Does this work well, and if it does, it it just gunna be fat since metabolism is very slow when sleeping? Or will it help strength gains?

Thanks


----------



## GFR (Oct 26, 2005)

Do you wake up in the middle of the night hungry???
Or are you going to set your alarm to wake up and eat??


----------



## Jodi (Oct 26, 2005)

Don't intentionally wake up to drink a shake.  8 hours consecutive sleep is more important for health, growth and muscle repair.

Now if you wake up hungry, then yeah go have a shake just don't intentionally get up to do so.


----------



## Hlanderr (Oct 26, 2005)

I usually wake up at least once to go to the bathroom.... and at that time I would throw one down.... so I guess its kinda part of both...

I'm usually not hungry at that time, but a shake goes down fairly easy....
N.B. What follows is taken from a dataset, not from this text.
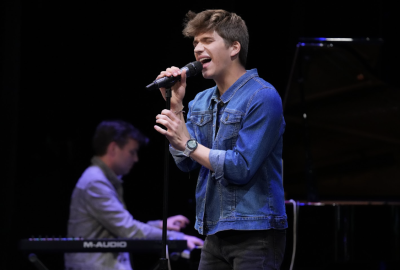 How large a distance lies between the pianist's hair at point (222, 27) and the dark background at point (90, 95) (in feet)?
8.02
you don't think I should do it? I would only be doing it for strength/weight gains...


----------



## Tha Don (Oct 26, 2005)

i agree with what the others have said, i don't plan to wake up in the middle of the night and have a shake, and for the past couple of months i haven't, but i know on my last cycle i would always wake up everynight to go to the toilet, and i would be very hungry, i would have to down a shake with oats in and some nuts to fill the gap or else i just wouldn't be able to get back to sleep, i've got a feeling that over the next couple of weeks this habit is going to come back!


----------



## BigDyl (Oct 26, 2005)

Try this:

Consume 2 scoops of micellar casien, which will turn into a gel in your stomach and take forever to digest, 15 minutes later consume some cottage cheese and fish oils.  This will sit in your stomach all night, and you wont wake up hungry.


----------



## Tha Don (Oct 26, 2005)

how about i'll stick to my midnight shake


----------